#### [Data shown]
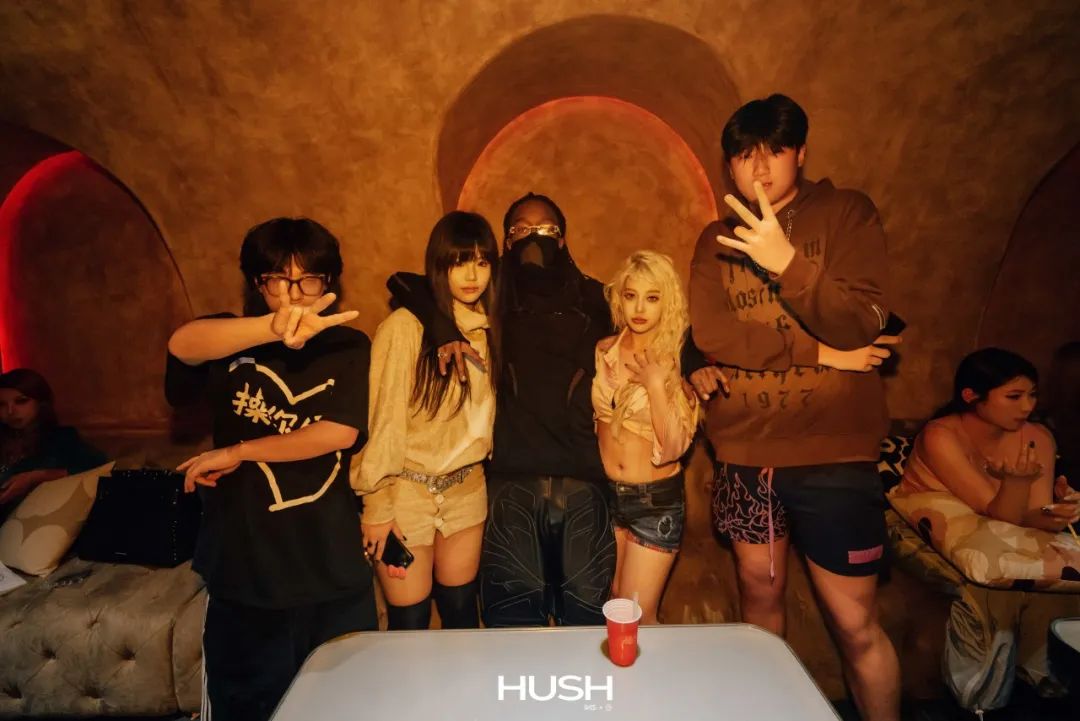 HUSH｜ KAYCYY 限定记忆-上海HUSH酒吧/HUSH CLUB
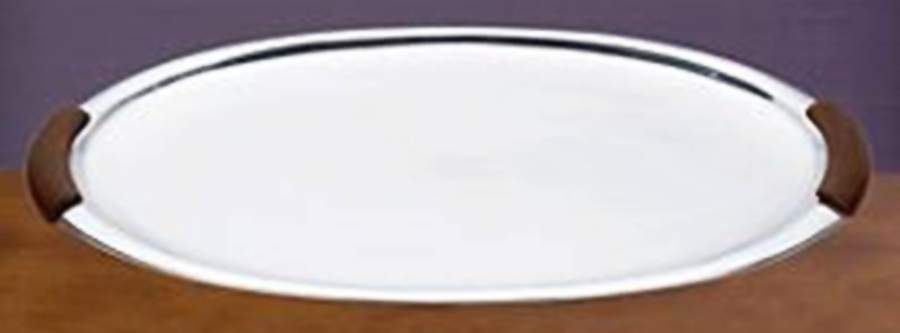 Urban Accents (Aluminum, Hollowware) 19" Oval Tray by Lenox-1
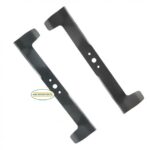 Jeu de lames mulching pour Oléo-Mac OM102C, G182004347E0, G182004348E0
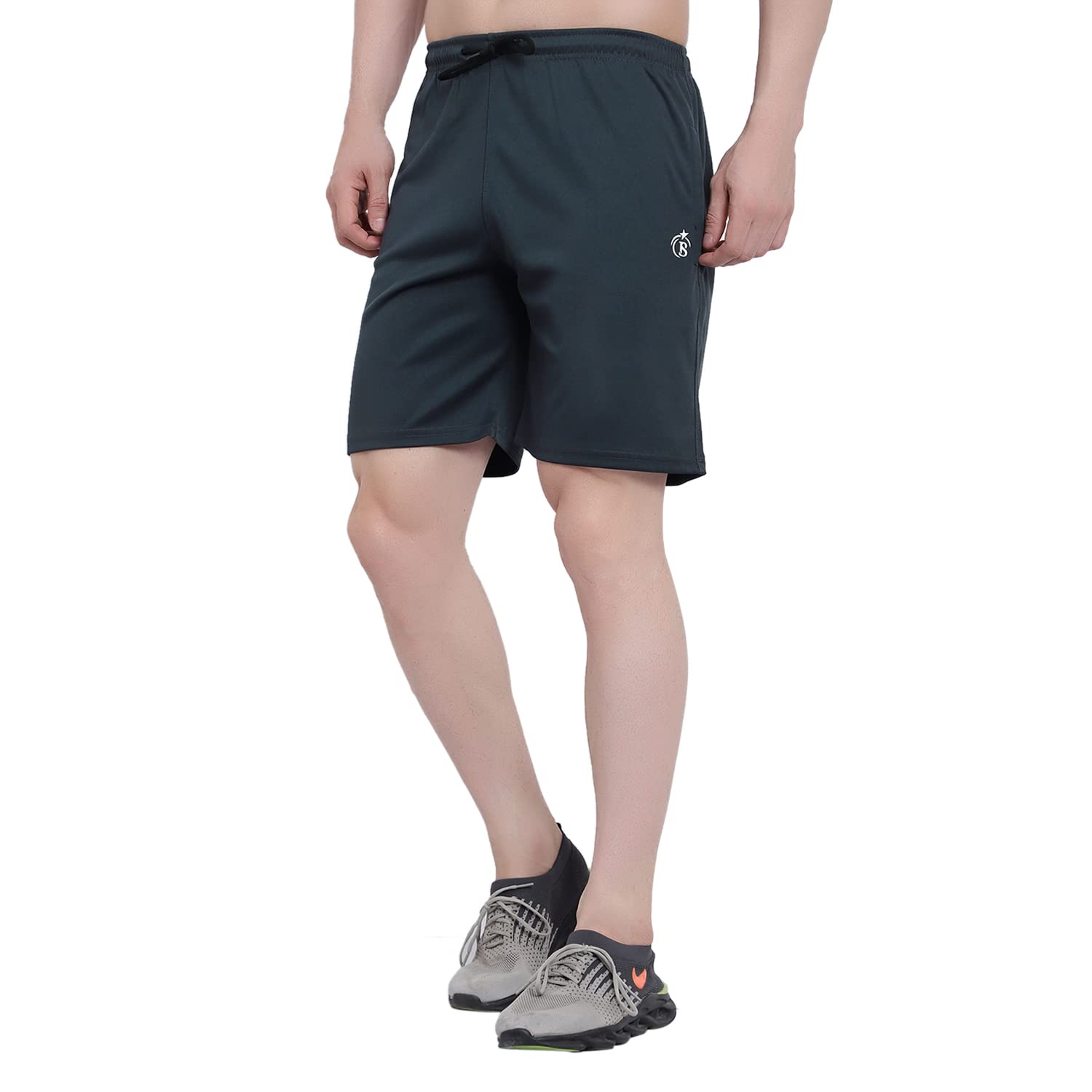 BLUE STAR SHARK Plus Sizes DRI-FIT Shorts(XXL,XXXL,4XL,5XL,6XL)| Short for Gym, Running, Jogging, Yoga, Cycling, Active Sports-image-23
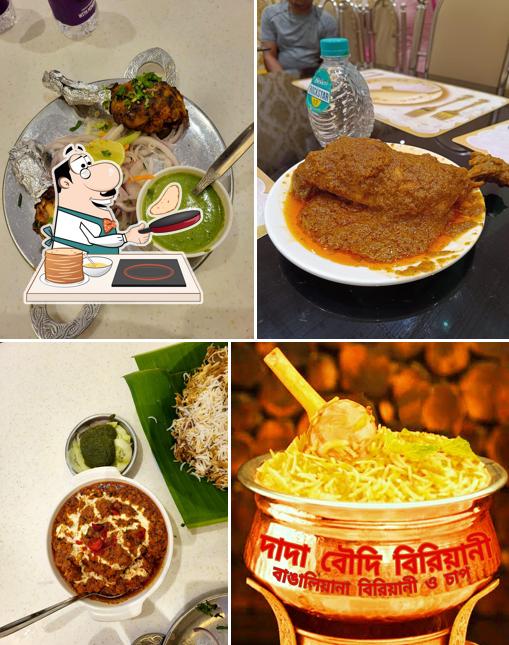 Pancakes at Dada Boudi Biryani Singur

#### [Exercise description]
Once the line containing "BLUE STAR SHARK" is found, transcribe it and the rest of the lines to the end of the listing above exactly, omitting all pictures.

#### [Answer to the exercise]
 BLUE STAR SHARK Plus Sizes DRI-FIT Shorts(XXL,XXXL,4XL,5XL,6XL)| Short for Gym, Running, Jogging, Yoga, Cycling, Active Sports-image-23
 Pancakes at Dada Boudi Biryani Singur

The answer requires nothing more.